Tuesday, April 18, 2017

Just What Makes STORY for You?

What makes a good story?

Is it the plot?

But a plot without characters is floppy at worst and a really great word-painted scenery at best.

Is it the characters?

But characters without plot is a monologue dragging without purpose or end.

Is it the dialogue?

But dialogue without characters to speak it and a plot to give it purpose is just dialogue for the sake of meaningless dialogue.

What truly makes a good story?

What makes it for you?

I’ve been mulling this fact over the last couple of weeks as I’ve read books I’ve enjoyed…and some I haven’t. Or watched a movie I really loved. Even as I talk with friends about classic stories I could consume over and over again, I’ve paused to consider the talking points that keep bringing me back.

It’s about ordinary characters that are thrust into extraordinary circumstances that demand they rise to the occasion.

That’s really all it’s about, isn’t it?

We see that in ourselves. We project our lives onto these ordinary characters and hope that if we were in their shoes, that we would rise to the occasion. That we would be rescue the damsel in distress. 
That we would speak those words of truth or anger or love. That we would get the prince.

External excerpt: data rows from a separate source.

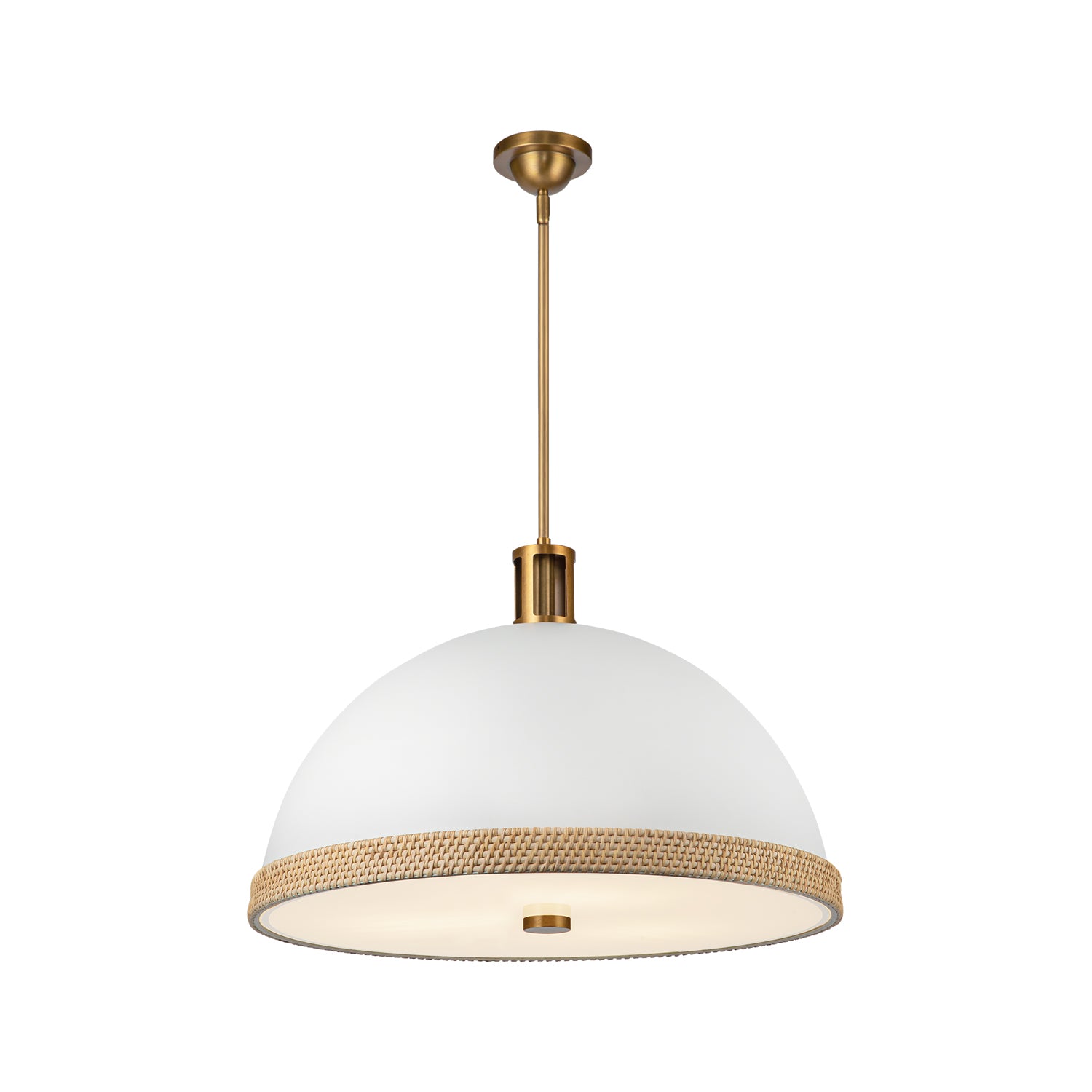 Doral 24-in Steel Pendant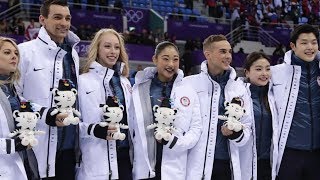 US figure skaters steal the show at Winter Olympics [upl. by Rubina]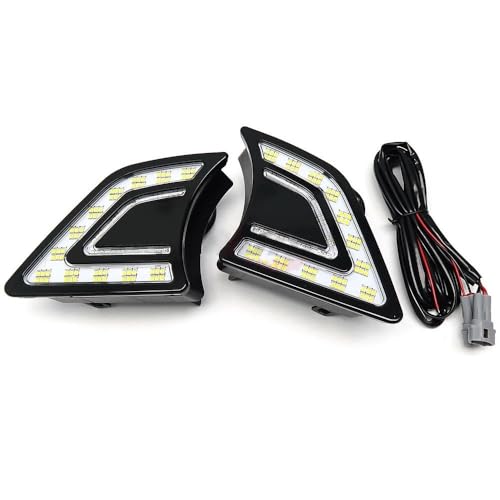 Feux de jour LED pour Hilux Vigo 2011-2014 avec finition premium antichoc
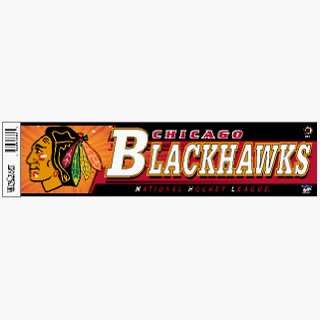  Chicago Blackhawks Bumper Sticker / Decal Strip *SALE 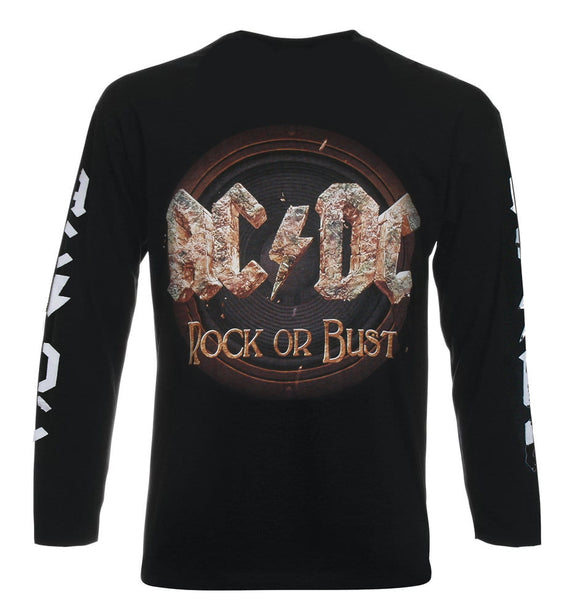 ACDC - ROCK OF BUST Camiseta - Metal Old Skull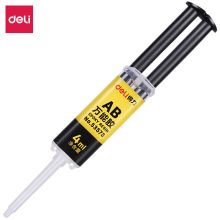 得力(deli)4ml针管型AB胶 自动混合强力型胶 53573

That we would stand up for truth and fight for what is right.

Think of your favorite movie.

Got a title? (Share it in the comments so others can explore what you’ve discovered.)

What is the quality in that movie that keeps you watching it over and over again?

For me, it’s Last of the Mohicans. A fairly violent movie that I only watch about once a year, but a
film that keeps me coming back—and for many reasons.

But the main one?

I admire Cora.

An ordinary woman, who within the first twenty minutes of the movie, receives a marriage proposal that she doesn’t accept.

She’s normal. She’s average. The daughter of a British colonel.

And yet, in the face of extreme danger, the loss of a perfect and safe world, she stares danger straight in the face, raises her one shot pistol, and defends her ground. Her safety. Her sister. She’s strong. She’s gentle. She’s just seeking the right place to land. And yet, there are moments of open vulnerability where the viewer sees she is absolutely frightened and at a lost. But she is not overcome.  

I can relate to her. And I want to aspire to her strength and courage. Because I don’t know if I could do what she did in the face of such vicious brutality. But I hope that I would. That I would rise to the occasion like she did.

What makes story for you?

Take that. Weave it into the dialogue. The plot. The characters. Focus on that. Let it become what drives your passion and your story. And it will drive the readers’ as well.

Leave a comment…let me know your favorite movie and why. Besides, my Netflix queue is looking kinda sad right now. ;-) 


Casey Herringshaw is a homeschool graduate and has been writing since high school. She lives in colorful Colorado where she gets to live her dream stalking--er--visiting with her favorite CO authors. 




Caleb Peiffer said...

When I think of my favorite movie, The Truman Show always comes to mind first. It's just a great movie, and a great example of a well-written story.

Truman is just an ordinary guy who gradually discovers that his whole life was fabricated for a television show. His choices drive the plot. No, his choices ARE the plot. He is the story.

Excellent article, Casey!

Pepper Basham said...

Case, I love that movie, The Last of the Mohicans and Cora's character is amazing!